Question

A spacecraft is launched from the surface of the Earth with a velocity of 0.60c at an angle of 50.0 degree above the horizontal positive axis. Another spacecraft is moving past with a velocity of 0.70c in the negative x direction. Determine the magnitude and direction of the velocity of the first spacecraft as measured by the pilot of the second spacecraft.

Answer 1

The velocity of the first spacecraft as measured by the pilot of the second spacecraft is approximately 0.1724 times the speed of light in the negative x direction.

Step-by-step explanation:

In order to determine the magnitude and direction of the velocity of the first spacecraft as measured by the pilot of the second spacecraft, we can use the relativistic velocity addition formula.

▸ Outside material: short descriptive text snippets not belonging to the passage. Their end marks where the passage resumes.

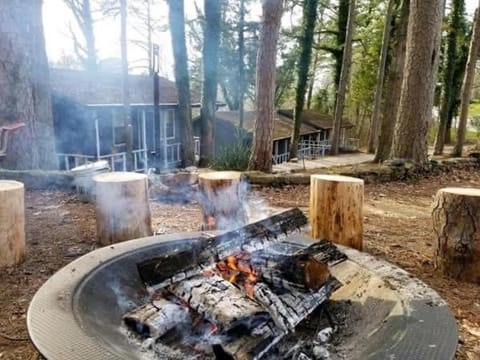 Loblolly Pines Adventure Cabin 3 - King House in Eureka Springs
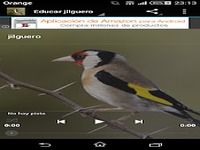 Chardonneret Eduquer Chardonneret Eduquer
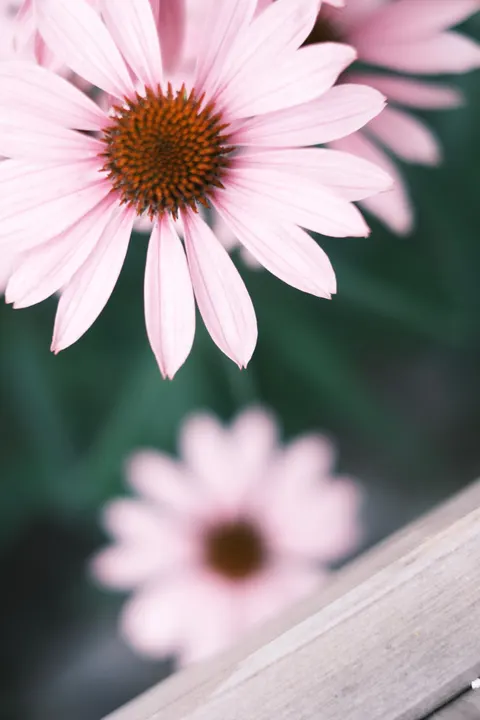 Petals Phone Wallpaper · petals · 1440×2160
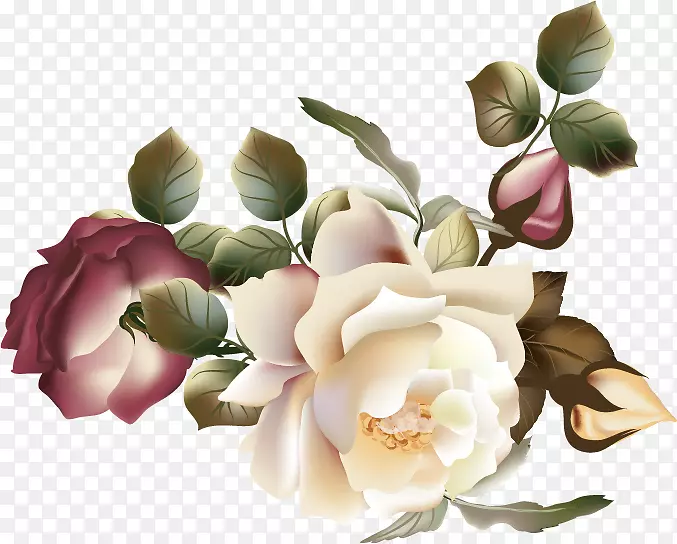 花卉花园玫瑰摄影剪贴画花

Let's assume the velocity of the first spacecraft as measured by the pilot of the second spacecraft is v'.

The formula for relativistic velocity addition is:

v' = (v1 + v2) / (1 + (v1 * v2) / c^2)

where v1 is the velocity of the first spacecraft and v2 is the velocity of the second spacecraft.

Plugging in the values, we have:

v' = (0.60c + (-0.70c)) / (1 + (0.60c * -0.70c) / c^2)

v' = (-0.10c) / (1 - 0.42)

v' = -0.10c / 0.58

v' = -0.1724c

Therefore, the magnitude of the velocity of the first spacecraft as measured by the pilot of the second spacecraft is approximately 0.1724 times the speed of light, and the direction is in the negative x direction.